Interesting problem. Here is my take on it, using Julia 1.0:

using Random

function main(n::Int64)
A = Array{Int64}(undef, n, n)
x = Array{Int64}(undef, n)
A[1,:] = randperm(n) .- 1

``````for i = 2:n
done = false

while !done
x = randperm(n) .- 1
done = true

for j = 1:n
if x[j] in A[1:(i-1),j]; done = false; break; end
end
end

A[i,:] = x
end

return A
``````

end

Now, if we don’t really care about having each row of the LS as a random sequence of numbers and we just care about it being distinct from the previous rows, we can use a fairly simpler function:

function main2(n::Int64)
A = Array{Int64}(undef, n, n)
A[1,:] = randperm(n) .- 1

``````for i = 2:n
for j = 1:n
A[i,j] = mod(A[i-1,j] + 1, n)
end
end

return A
``````

end

Either way, we can obtain a latin square, A, which can be quite handy as an auxiliary tool for building games like Sudoku. Cheers

2. Paul said

In Python. I used Latin squares before in statistics for faster convergence in multidimensional random sampling.

```import random
from pprint import pprint

def create_latin(dim):
frow = list(range(dim))
random.shuffle(frow)
labels = [frow]
for _ in range(dim-1):
frow = frow[1:] + [frow]
labels.append(frow)
random.shuffle(labels)
random.shuffle(list(zip(*labels)))
return labels

def assert_latin(arr2d):
n = len(arr2d)
sorted_nums = list(range(n))
for row in arr2d:
assert sorted(row) == sorted_nums
for col in zip(*arr2d):
assert sorted(col) == sorted_nums

latin = create_latin(5)
assert_latin(latin)
pprint(latin)
```
3. Zack said

@Paul. That’s intriguing. Could you please elaborate on this? Are you optimizing for a particular metric / heuristic in this kind of sampling? If so, what? I’m asking because I’ve played around with multi-dimensional sampling too over the years. Cheers

4. Paul said

@Zack. I will dig in my old files and see if I have a nice example. In the meantime you can read the Wikipedia page on “Latin hypercube sampling”.

5. Paul said

@Zack. I put an example on ideone. To run it you should have numpy, scipy, pyDOE and matplotlib installed.

6. Zack said

@Paul.
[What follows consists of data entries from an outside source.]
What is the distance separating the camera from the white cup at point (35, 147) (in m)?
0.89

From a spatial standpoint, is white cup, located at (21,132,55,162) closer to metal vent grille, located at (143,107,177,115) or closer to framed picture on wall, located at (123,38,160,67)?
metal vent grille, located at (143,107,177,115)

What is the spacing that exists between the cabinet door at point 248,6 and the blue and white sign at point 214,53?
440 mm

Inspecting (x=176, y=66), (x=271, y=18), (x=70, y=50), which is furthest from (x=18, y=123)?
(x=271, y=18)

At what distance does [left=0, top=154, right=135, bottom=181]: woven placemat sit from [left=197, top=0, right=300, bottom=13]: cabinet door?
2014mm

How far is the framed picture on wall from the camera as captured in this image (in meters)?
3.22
Many thanks!

7. Alex B. said

@paul. I think you may have a bug in the randomisation. If I understand correctly you’re doing a transpose and randomise on the shuffled list, so that each row (although appearing in random order) is not a simple rotation of the first row.
In that case, you need to do something like:

```labels = list(zip(*labels))
random.shuffle(labels)
```

Otherwise random.shuffle is shuffling an unreferenced list (returned by the list() call), and not labels, which you’re then returning.
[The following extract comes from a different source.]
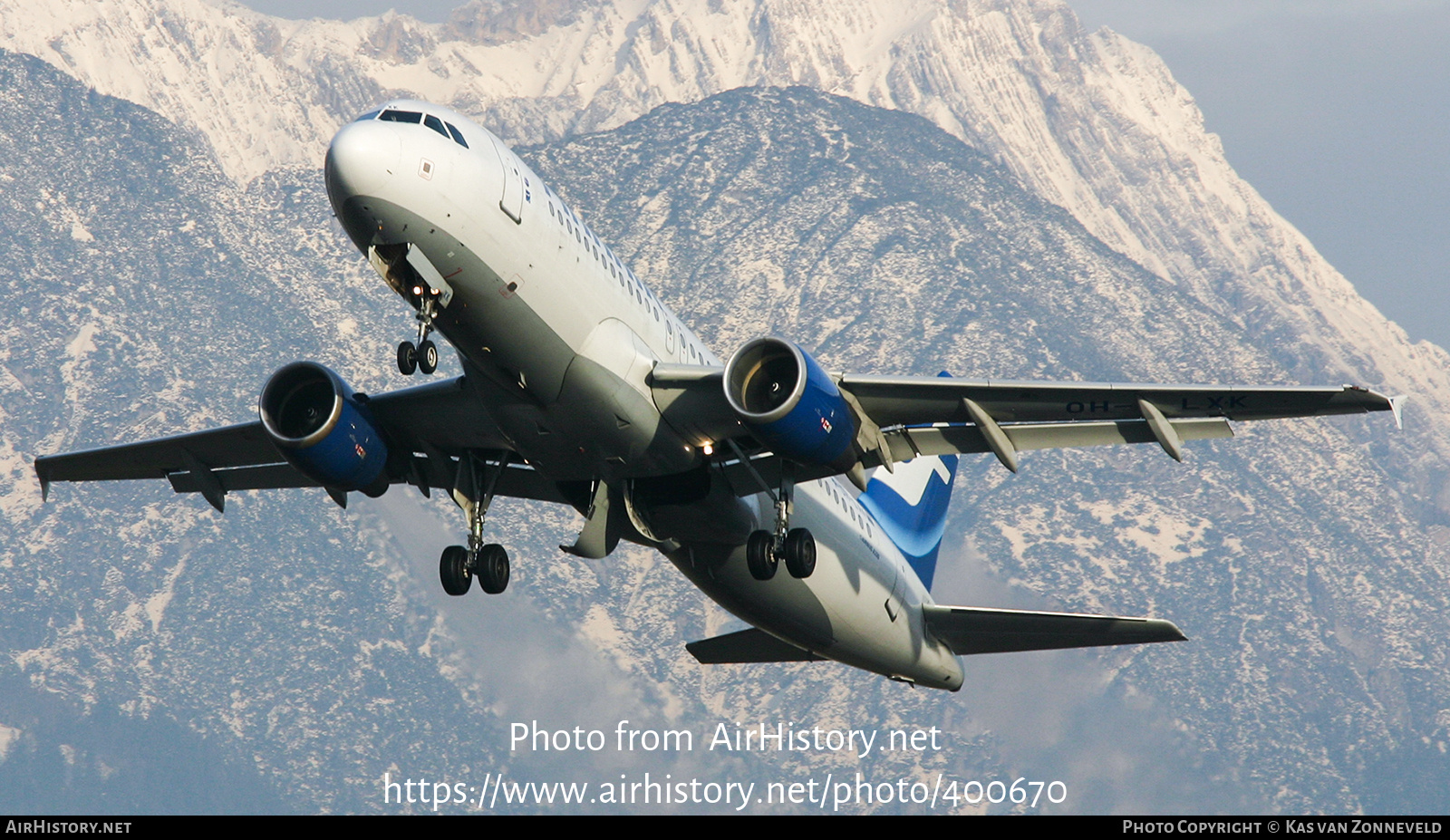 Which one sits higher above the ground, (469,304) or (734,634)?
(469,304)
(My apologies if I’ve misunderstood)

8. Paul said

@Alex B: I understand your concerns. I had them too. However, after checking if the result is a latin square I thought I did it right. But you are right the last shuffle doesn’t work and your suggestion works fine. Thanks.

9. Daniel said

Here’s a numpy-based solution in Python.

```import numpy as np

def latin_square(n):
arange = np.arange(n)
x = np.stack(tuple(np.roll(arange, x) for x in range(n)))
x[:, arange] = x[:, np.random.permutation(arange)]
x[arange, :] = x[np.random.permutation(arange), :]
return x

print(latin_square(5))
```

Output:

```array([[3, 1, 0, 2, 4],
[1, 4, 3, 0, 2],
[0, 3, 2, 4, 1],
[4, 2, 1, 3, 0],
[2, 0, 4, 1, 3]])
```
10. Daniel said

Line 5 in my preceding solution can be simplified by removing the call to “tuple”.
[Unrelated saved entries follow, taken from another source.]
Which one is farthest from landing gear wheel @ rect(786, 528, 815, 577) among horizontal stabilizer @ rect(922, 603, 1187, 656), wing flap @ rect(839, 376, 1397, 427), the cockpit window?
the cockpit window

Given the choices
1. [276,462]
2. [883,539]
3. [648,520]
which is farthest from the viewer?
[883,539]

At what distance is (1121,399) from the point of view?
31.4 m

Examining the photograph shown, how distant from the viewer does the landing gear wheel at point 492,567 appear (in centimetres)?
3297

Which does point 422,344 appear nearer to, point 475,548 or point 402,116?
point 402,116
```x = np.stack(np.roll(arange, x) for x in range(n))
```
11. Stephane said

All the solutions presented here are valid but are not truly “random”. Just swapping rows and columns keeps some symmetry: for example, from the big Latin Square at the top of the page, pick up two consecutive numbers from the first rows, for example, 23 and 21 of the second row. Just below these numbers are 8 and 3. Now, on any row, find 23 and 21 (which most probably won’t be consecutive) and from each number, in its column, find 8 (for 23) and 3 (for 21), you will see that they are on the same row! So, is it possible to build a Latin Square without this property and how would you do it?